Questa amica saluta domani una parte della sua vita che è stata dedicata, nell’affetto dei legami familiari, anche a una personale battaglia di comprensione dei “confini” che possiamo dare alle cose, facendo un lavoro di pura epistemologia ogni volta che ha dovuto dialogare con strutture, comprendere indicazioni normative, confrontarsi con il concetto di limite e di distanza nella vicinanza. Lo ha fatto con l’intelligenza tutta femminile di chi conosce e svela l’ossimoro di una sanità malata e di una società isolante, di una estraneità consanguinea che raggela ogni calore e scalda ogni scontento inverno.

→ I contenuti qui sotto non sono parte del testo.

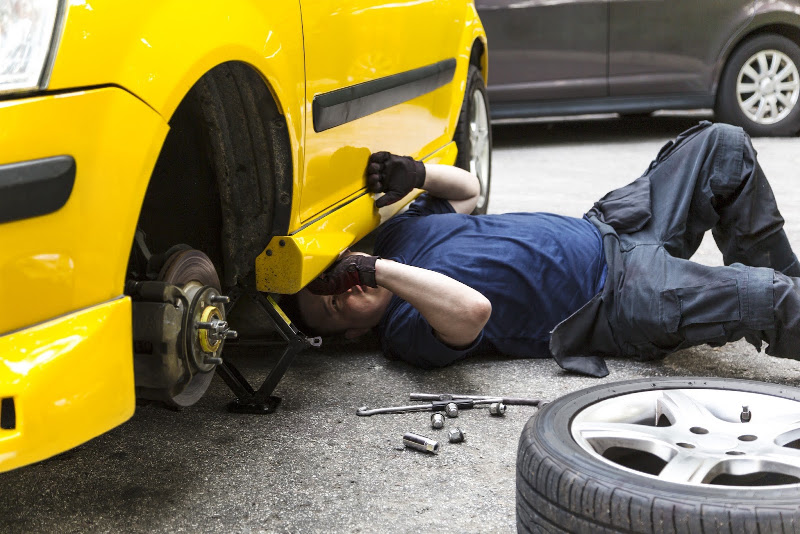 Mobile Mechanic Atlanta GA 2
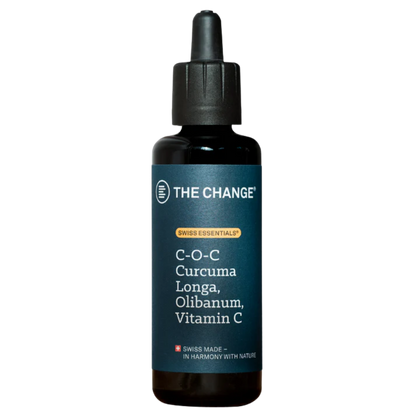 THE CHANGE – C·O·C Cellular Balance | Cellular Balance & Daily Vitality Support
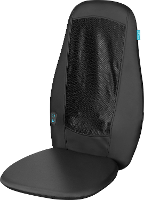 Ecomed MC 15E Massagekussen 15 W Zwart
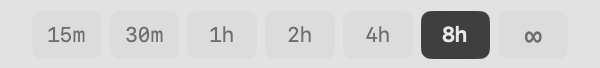 caffeinate & disablesleep screenshot 2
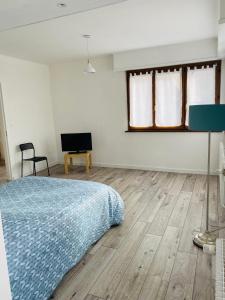 Appartements Maison Spacieuse au calme : proximite de Strasbourg : photos des chambres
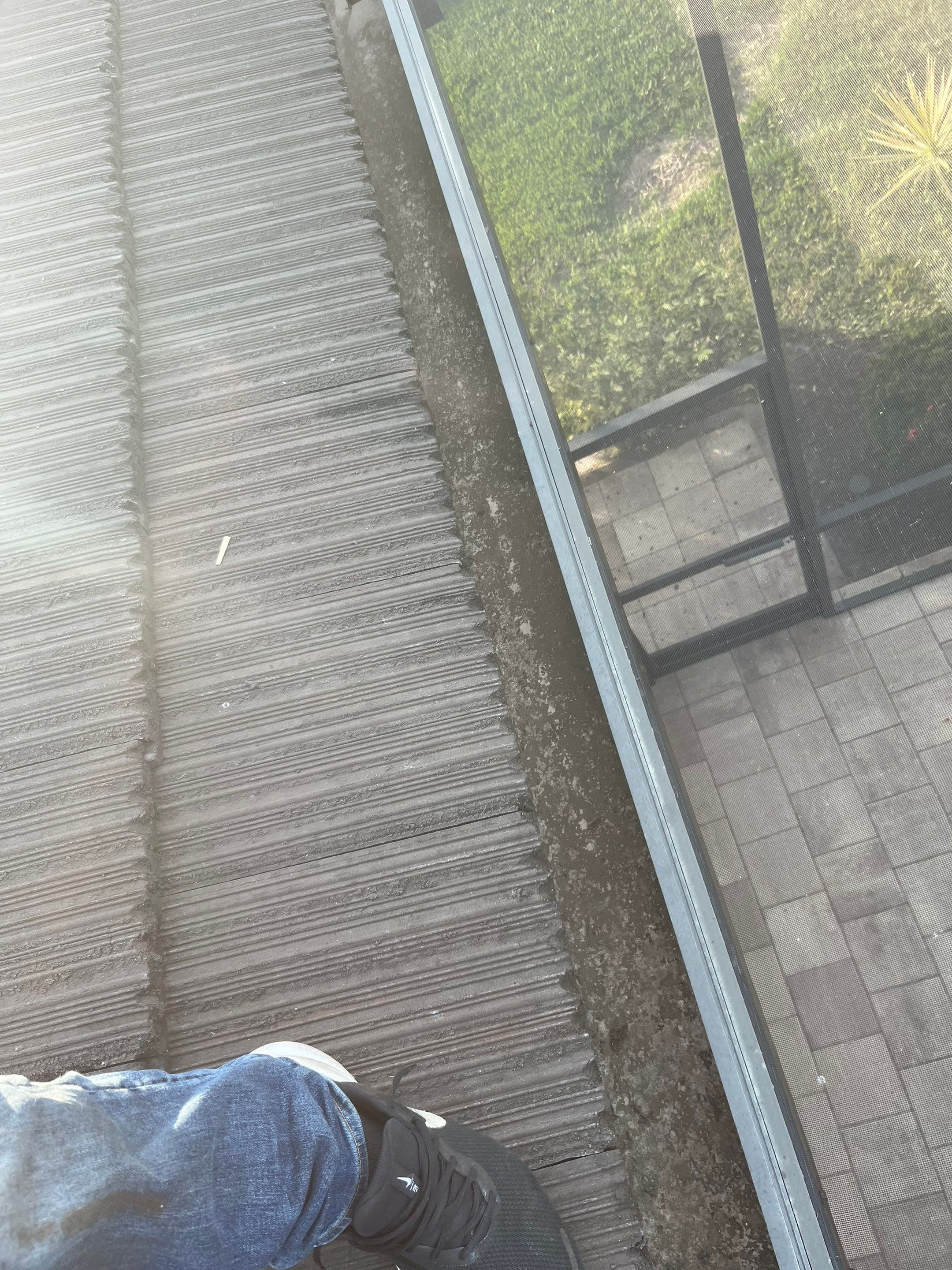 Gutter Cleaning Services for Sarasota Residences by Gutter Professors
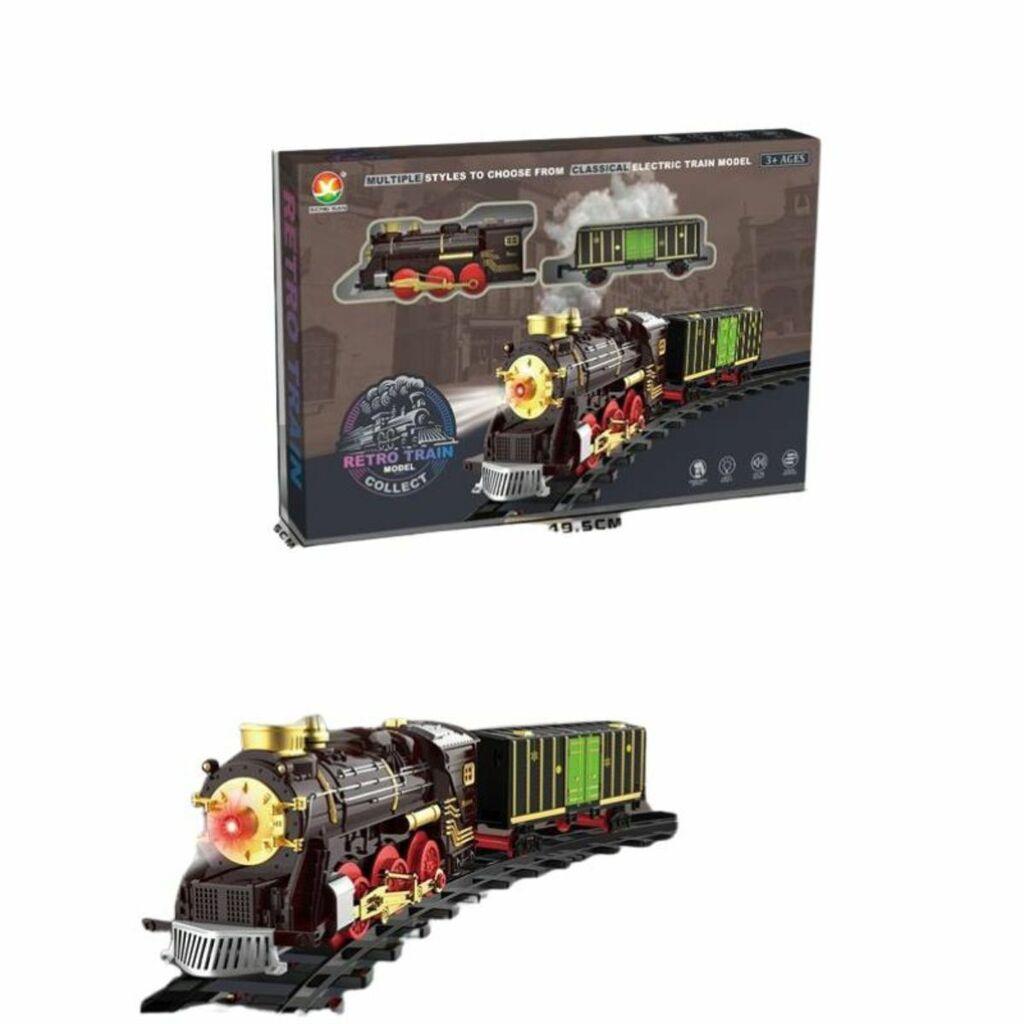 Igračka Električni voz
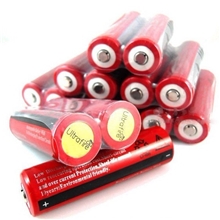 加保护板锂电池18650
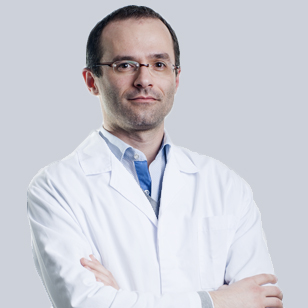 Dr. João Albuquerque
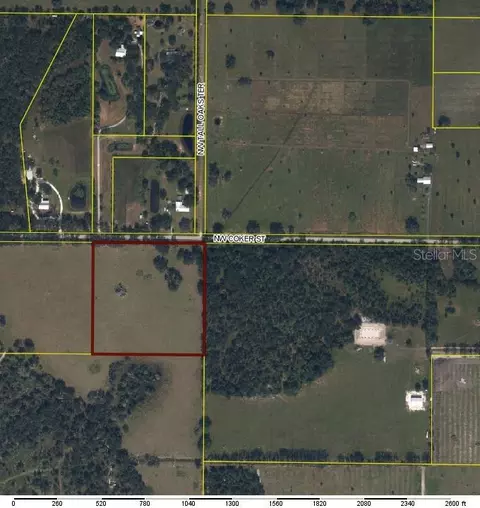 NW Coker Street, Arcadia, FL 34266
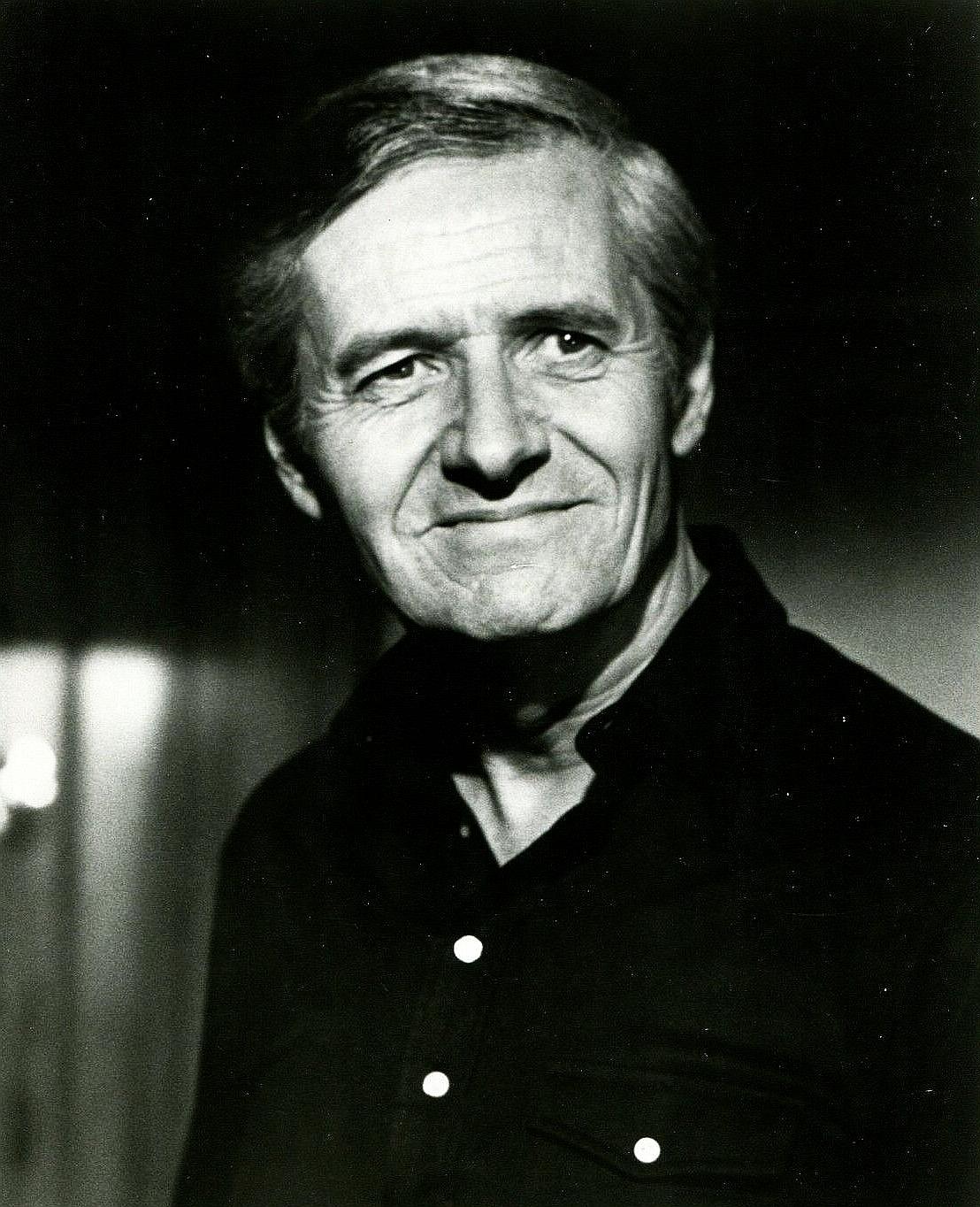 Arthur Hill image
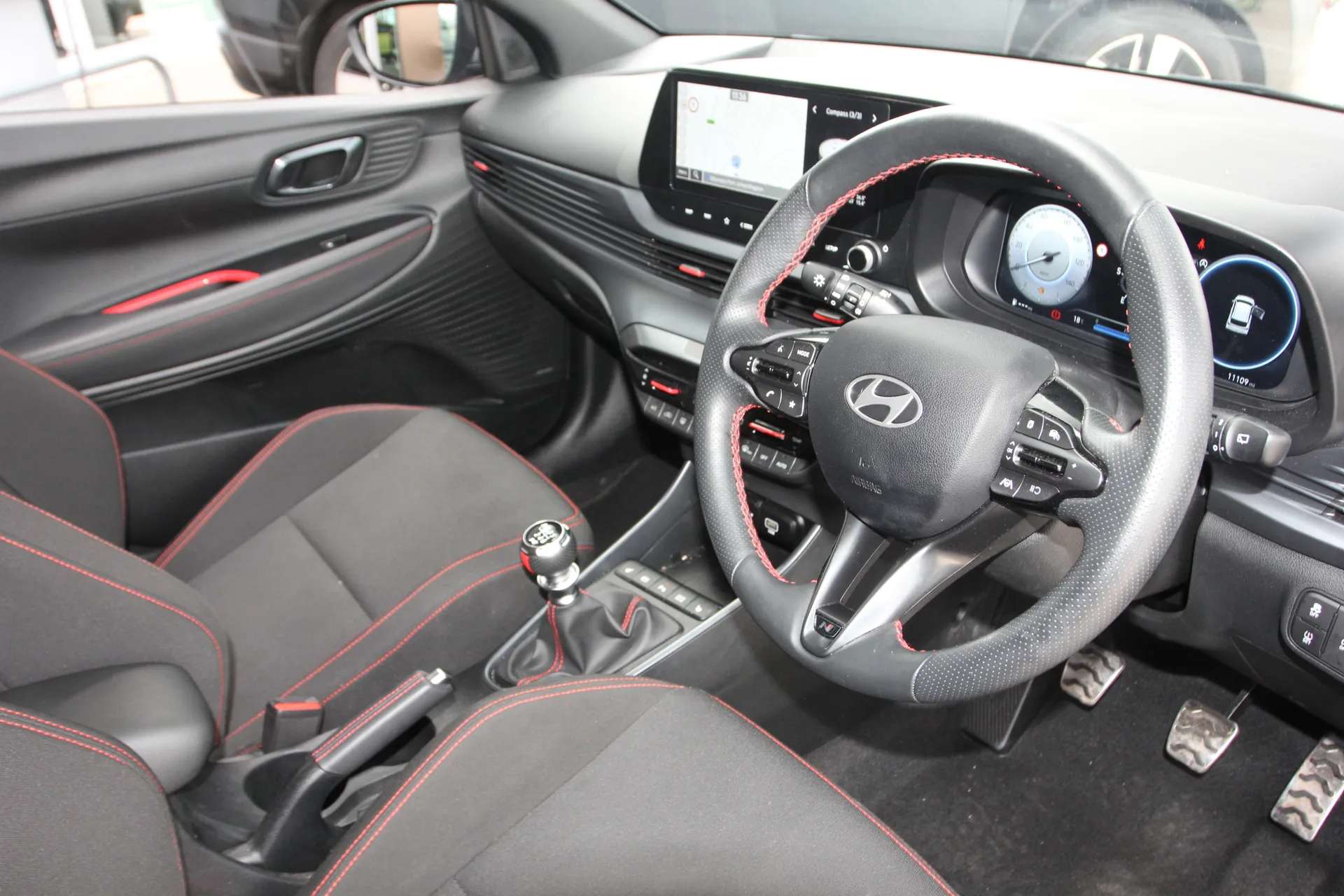 2025 HYUNDAI I20 2025 HYUNDAI I20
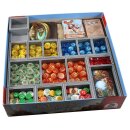 Board Game Organiser: FS-QUAv2 for Quacks of Quedlinburg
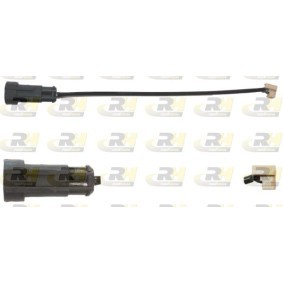 Warnkontakt, Bremsbelagverschleiß 001134 von ROADHOUSE günstig für 38,91 € online kaufen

Allora ecco, la prima cosa di cui voglio scrivere oggi, ad inizio d’anno, è per salutare questa forma di amorosa intelligenza e trafitta com-passione, perché sono certa che di futuro e di oggi ne avremmo molti di più se ci fossero più signore della riflessione, più maternali carichi di provvidenza che sanno essere e andare oltre il confine stretto del bisogno personale.

Guardare a sé mentre si guarda l’altro, e poi dall’altro andare oltre, e ritornare. Un flusso. Una coscienza. Una amorosa conoscenza. Il mio diario è oggi qui per S. ed S., per tutto quello che ho imparato nel conoscerne la storia. Ci vengo con la Rosa bianca, a salutare tuo fratello. Perché è il tuo amore che fa rivoluzione, tutti i giorni un po’.